Making Sense of Suffering in a Post Modern World

Life is filled with suffering. That's a given. Despite the fact that some of us suffer more than others, there is no escaping it, and this - evil and suffering - present the greatest obstacle to faith in God, especially in modern and post-modern America.

And let's face it, most of us lose more than we win. But what if there was a way to win by losing? Well, in the audio version of the book below, Making Sense Out of Suffering, by Peter Kreeft, you may begin to look at suffering and pain in a very different way.   I know I did. And you don't have to be Catholic or Christian to read as he - albeit with 100% Christian bias - compares and contrasts all the different religions, philosophies, ets.

If you find that hard to believe, too good to be true, know that even the atheist Ivan Karamazov understands that hope. He says,

I believe like a child that suffering will be healed and made up for, that all the humiliating absurdity of human contradictions will vanish like a pitiful mirage, like the despicable fabrication of the impotent and infinitely small Euclidean mind of man, that in the world's finale, at the moment of eternal harmony, something so precious will come to pass that it will suffice for all hearts, for the comforting of all resentments, for the atonement of all the crimes of humanity, of all the blood that they've shed; that it will make it not only possible to forgive but to justify all that has happened.
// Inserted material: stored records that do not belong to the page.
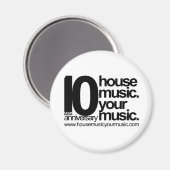 Magnet (Voorkant / Achterkant)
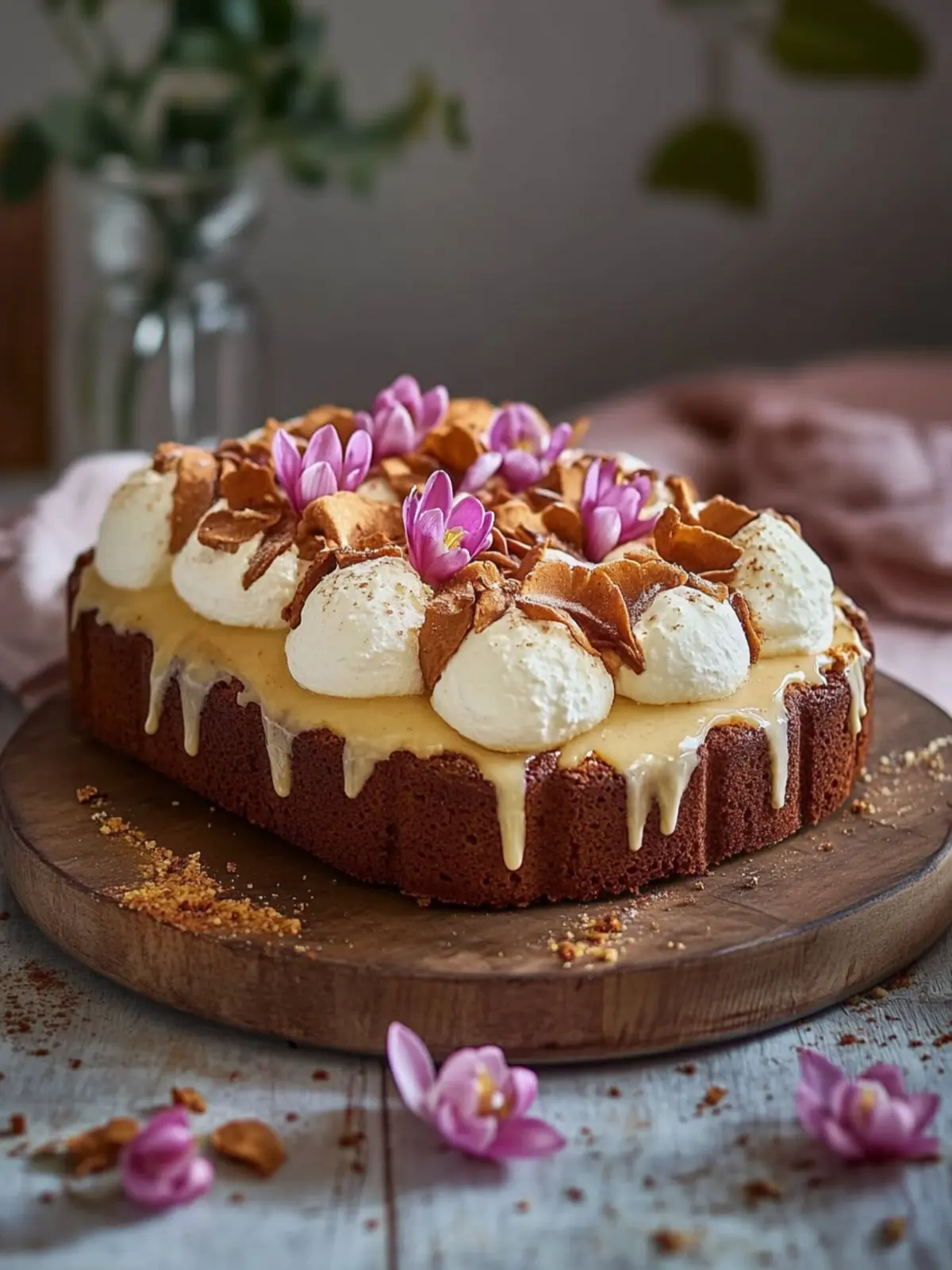 Lotus Basque-Käsekuchen: Cremiger Genuss im Handumdrehen 4 Lotus Basque-Käsekuchen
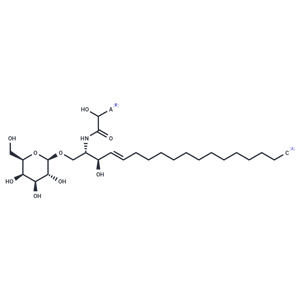 Galactosylcerebrosides (hydroxy),Galactosylcerebrosides (hydroxy)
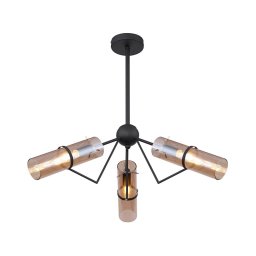 Globo 15353-3D - Lustră pe tijă GIJON 3xE14/40W/230V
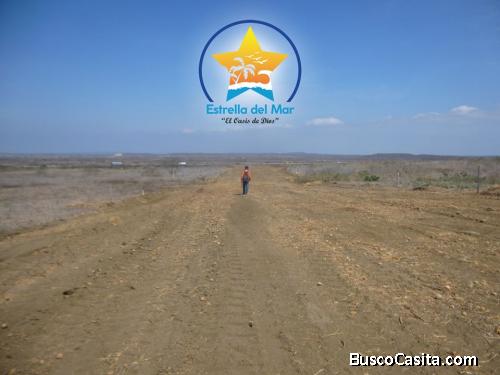 Venta de Terrenos de 200m2 en Santa Elena A 4min del Mar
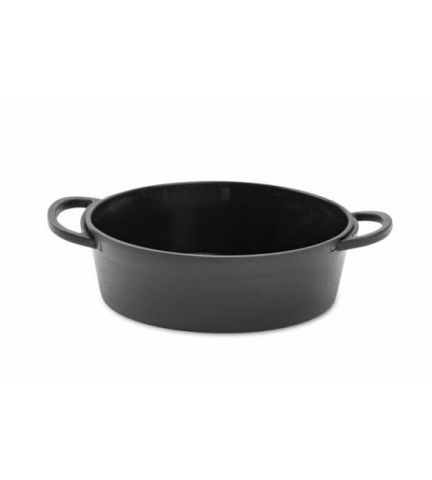 Black Mini Dish With Handles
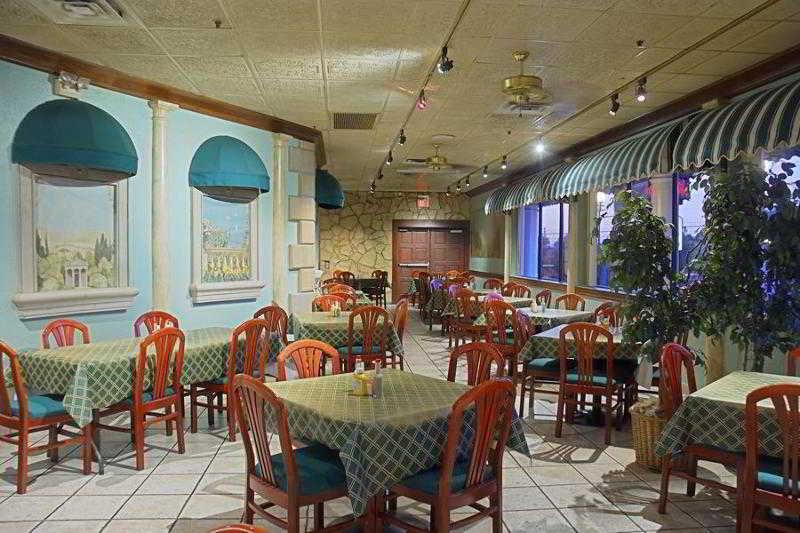 Americas Best Value Inn Downtown Лас-Вегас Ресторан фото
Why then does Ivan remain an atheist? Because though he believes, he does not accept. He is not a doubter; he is a rebel. Like his own character the Grand Inquisitor, Ivan is angry at God for not being kinder. That is the deepest source of unbelief: not the intellect but the will.
Often using the Socratic technique of dialogue between himself and a very skeptical prospective reader, Kreeft brings together a variety of novelists, poets, prophets, philosophers and scriptures and he gives, what I think, is one of the best answers - if not the best - to the question for all time, if God exists, why is there so much suffering?  He masterfully exposes the fallacious thinking of modern times in a thought-provoking chapter on why it is most, if not all of us cannot understand suffering. He urges us to view ourselves as protagonists in the midst of our own life stories, where, maybe not in this world, good finally triumphs, as Christians believe.